DrauzioUm conceito popular atribui o ganho de peso à tireóide preguiçosa, que funciona devagar, embora raramente a obesidade possa ser explicada pelo mau funcionamento da tireóide. De onde vem essa noção?
Márcio Mancini – Um dos sintomas do hipotireoidismo é o ganho de peso que pode ser explicado pela formação de um edema característico dessa doença, o mixedema. Em geral, o ganho se limita a 3kg, 4kg, 5kg no máximo e reverte com o tratamento.
Como o endocrinologista trata de pessoas com problemas na tireóide e de pessoas que querem emagrecer, antigamente, o hormônio da tireóide era utilizado nos dois casos. Para ter uma idéia, quando fiz residência médica, há quinze anos, obesidade não era um tema discutido em aula e o tratamento era feito com formulações que incluíam o hormônio da tireóide. Daquela época para cá, essa área da medicina desenvolveu muito, inúmeras teses científicas foram publicadas e o hormônio da tireóide foi retirado das prescrições porque podia causar mais mal do que bem ao indivíduo com funcionamento normal da tireóide, que queria emagrecer.

Drauzio Tive a oportunidade de ver dois ou três casos de meninas que, na ânsia de emagrecer, tomaram formulações em doses elevadas, não sei se por dependência química ou por vontade de perder mais peso. Esse pacote de medicamentos induziu um hipertireoidismo gravíssimo que levou à perda de musculatura e as deixou esqueléticas. Como você vê, a longo prazo, as conseqüências de tomar tantos remédios ao mesmo tempo?
Márcio Mancini – É uma coisa extremamente perigosa que coloca em risco a vida da pessoa. Muitas vezes, recebemos pacientes com nível de potássio baixo no sangue, com taquicardia grave e meninas com IMC inferior a 18,5 que querem tomar essas formulações para perderem mais peso ainda.

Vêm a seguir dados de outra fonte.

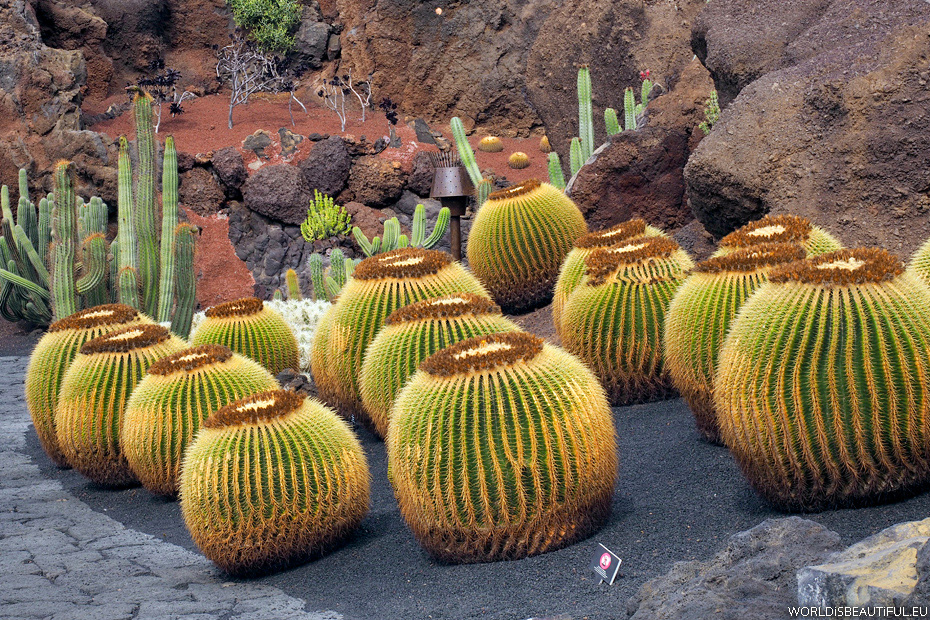 Ogród na Lanzarote, Jardin de Cactus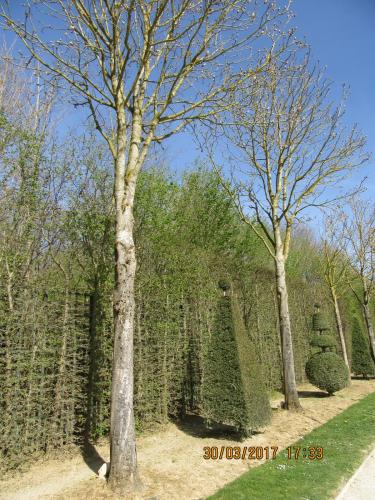 март, париж 1790.JPG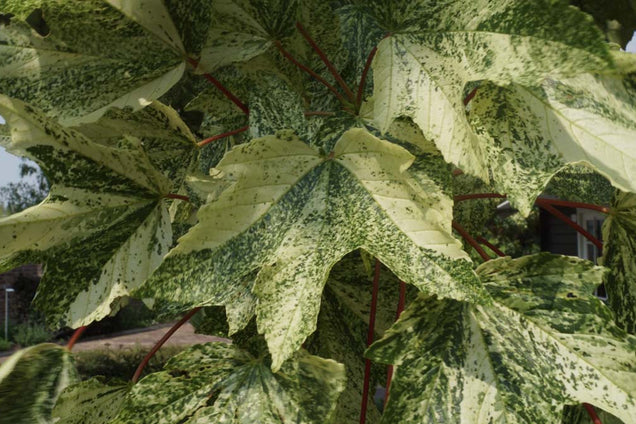 Acer pseudoplatanus 'Leopoldii' blad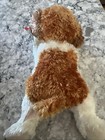 Ty Beanie Baby - Sampson The Puppy Dog  7 5 Inch  Mwmts Stuffed Animal Toy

Drauzio - E pensar que, na maioria das vezes, essas formulações são prescritas por médicos...
Márcio Mancini – São prescritas por médicos, muitas vezes, depois de uma avaliação superficial do paciente. Temos notícia de clínicas populares em que os médicos atendem as pessoas em poucos minutos, não levantam direito seu histórico, não as examinam corretamente, não pedem exames complementares e emitem receitas sem nenhum critério para a escolha das substâncias que compõem as fórmulas. O paciente não sabe que está tomando vários medicamentos numa única cápsula, nem quais são seus efeitos colaterais, nem por quanto tempo o tratamento deve ser mantido.

Drauzio Por quanto tempo o tratamento para a obesidade com medicamentos escolhidos segundo critérios científicos pode ser mantido?
Márcio Mancini – Esse ainda é um tema controverso, motivo de muita discussão nos congressos internacionais. Na bula dos anorexígenos, está escrito que o medicamento deve ser tomado por poucas semanas, no máximo, por três meses. A obesidade, porém, é uma doença como diabetes e hipertensão, que recidiva se o tratamento for suspenso, porque o paciente não consegue manter os mesmos hábitos sem os medicamentos. Por isso, é intensa a busca de agentes farmacológicos que possam ser utilizados por longos períodos e ajudem a manter o novo peso (perda de 10% é considerada muito útil para a saúde como um todo).
Dentre os remédios para emagrecer, apenas têm acompanhamento de uso contínuo mostrando segurança a sibutramina (dois anos) e o orlistat (quatro anos). Se o paciente não se adaptou bem a esses dois medicamentos, mas teve boa resposta ao fremporex ou ao mazindol, pode utilizá-los por mais tempo desde que seja acompanhado de perto pelo médico e não tenha manifestado efeitos colaterais.
Portanto, a tendência atual é indicar o tratamento com uma droga única (e não com associação de medicamentos) por um período maior de tempo, como acontece nos casos de hipertensão, diabetes ou colesterol elevado e para evitar que o paciente recupere o peso, desde que o acompanhamento médico não seja interrompido.